Assigned task:
Return the data that follows exactly as it appears. Pictures do not belong in the copy.

Records provided:

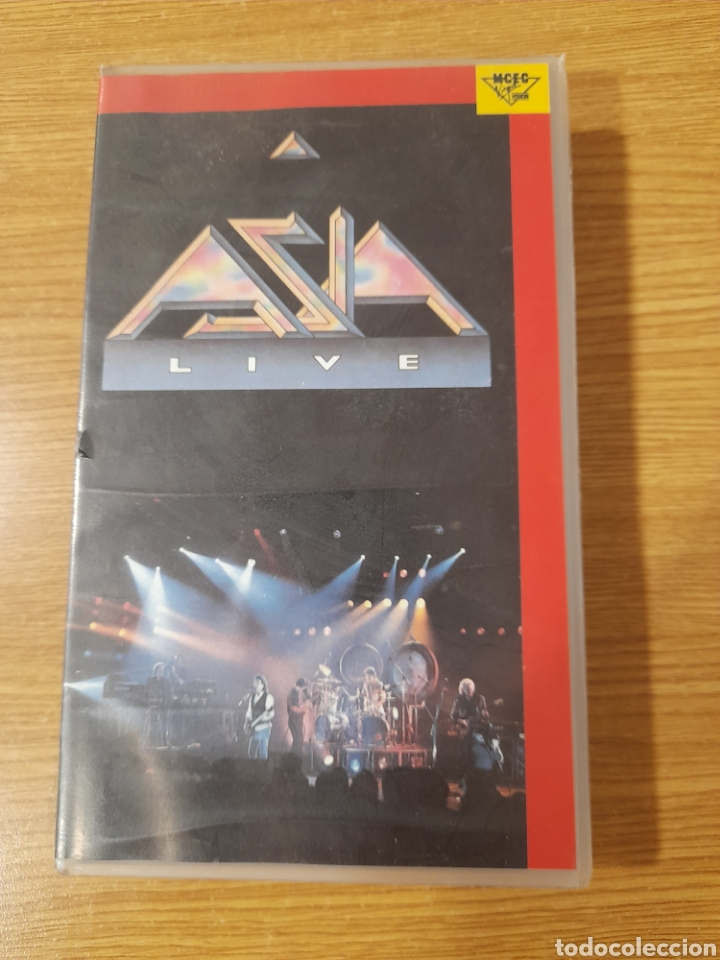 V&iacute;deos e DVD Musicais: VHS ASIA LIVE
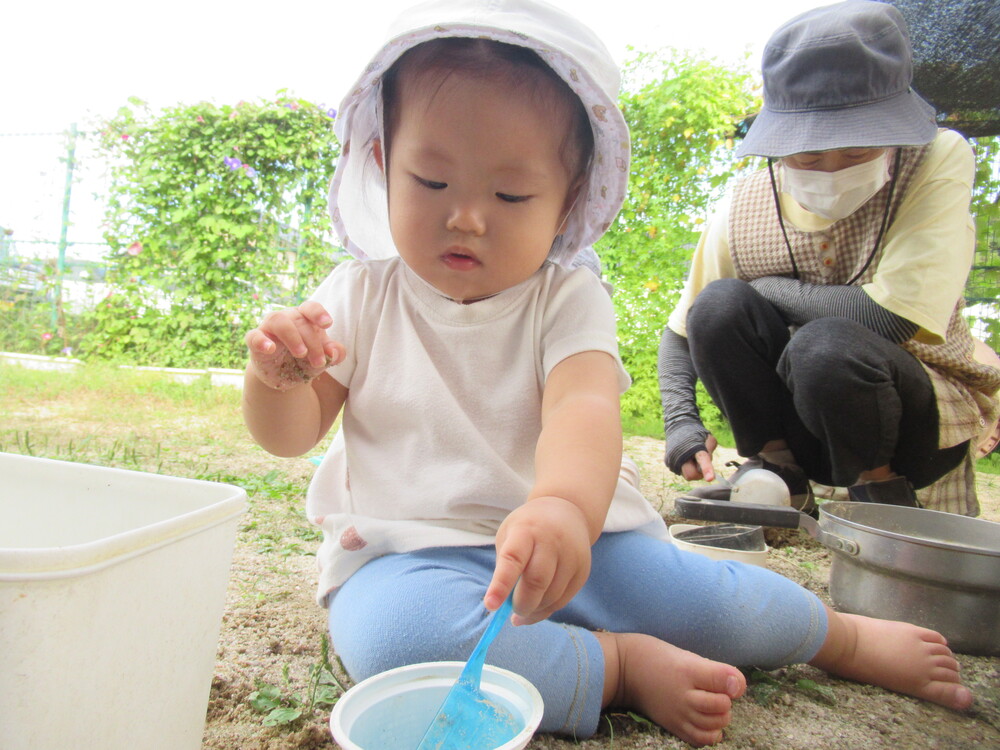 園庭で遊んでいる (1)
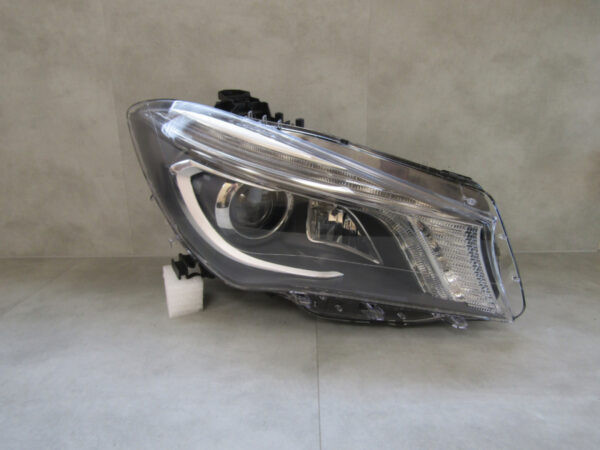 Koplamp Mercedes CLA W117 Xenon BIXENON 13-16 A1179064600 Rechts A1030/D145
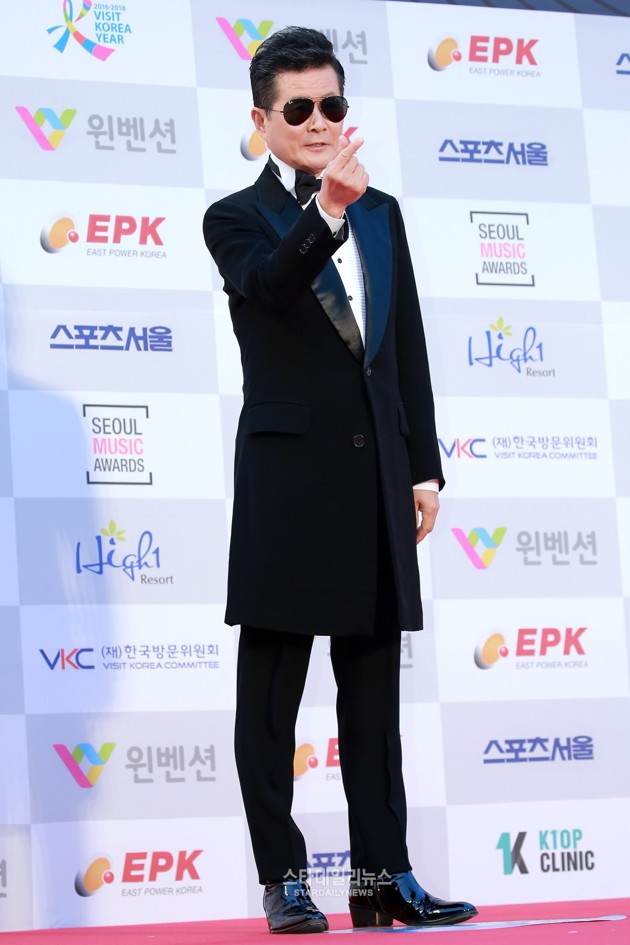 Gambar Foto Tae Jin Ah di Red Carpet Seoul Music Awards 2017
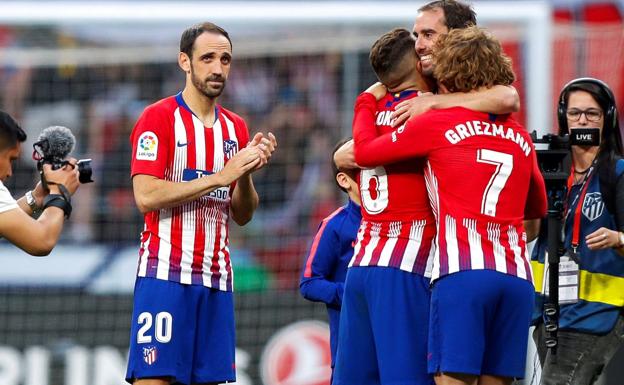 Juanfran aplaude a Godín, abrazado por Koke y Griezmann 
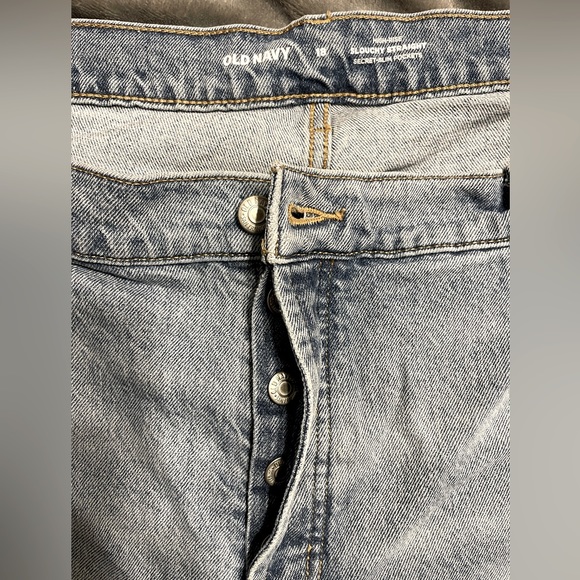 Old Navy High-Waisted Slouchy Straight Cropped Distressed Jeans for Women - Picture 4 of 5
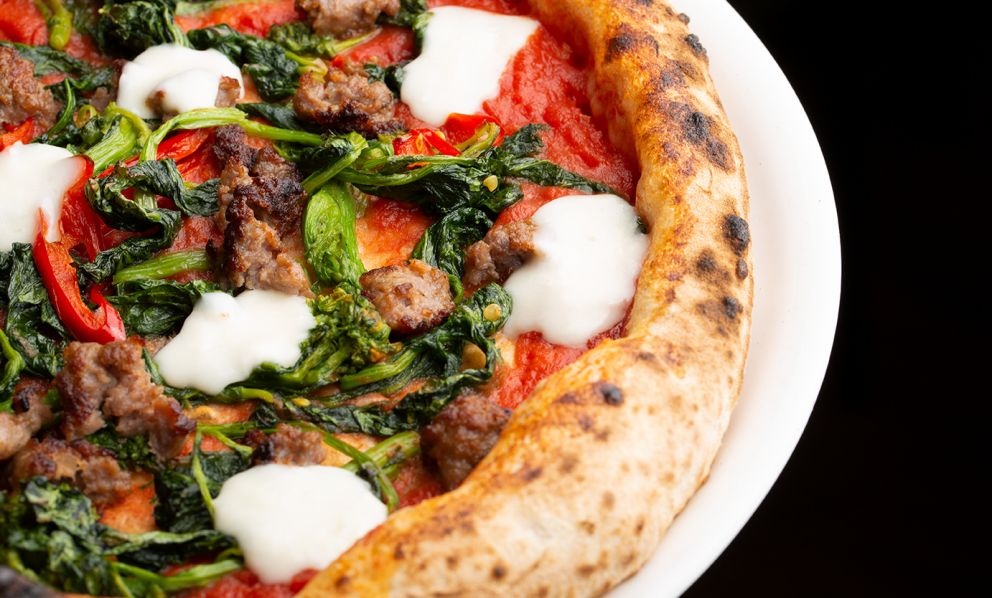 La pizza classica di Nhero a Milano: alta digeribilità e combinazioni golose di ingredienti che variano stagionalmente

Response for this exercise:
 V&iacute;deos e DVD Musicais: VHS ASIA LIVE
 園庭で遊んでいる (1)
 Koplamp Mercedes CLA W117 Xenon BIXENON 13-16 A1179064600 Rechts A1030/D145
 Gambar Foto Tae Jin Ah di Red Carpet Seoul Music Awards 2017
 Juanfran aplaude a Godín, abrazado por Koke y Griezmann 
 Old Navy High-Waisted Slouchy Straight Cropped Distressed Jeans for Women - Picture 4 of 5
 La pizza classica di Nhero a Milano: alta digeribilità e combinazioni golose di ingredienti che variano stagionalmente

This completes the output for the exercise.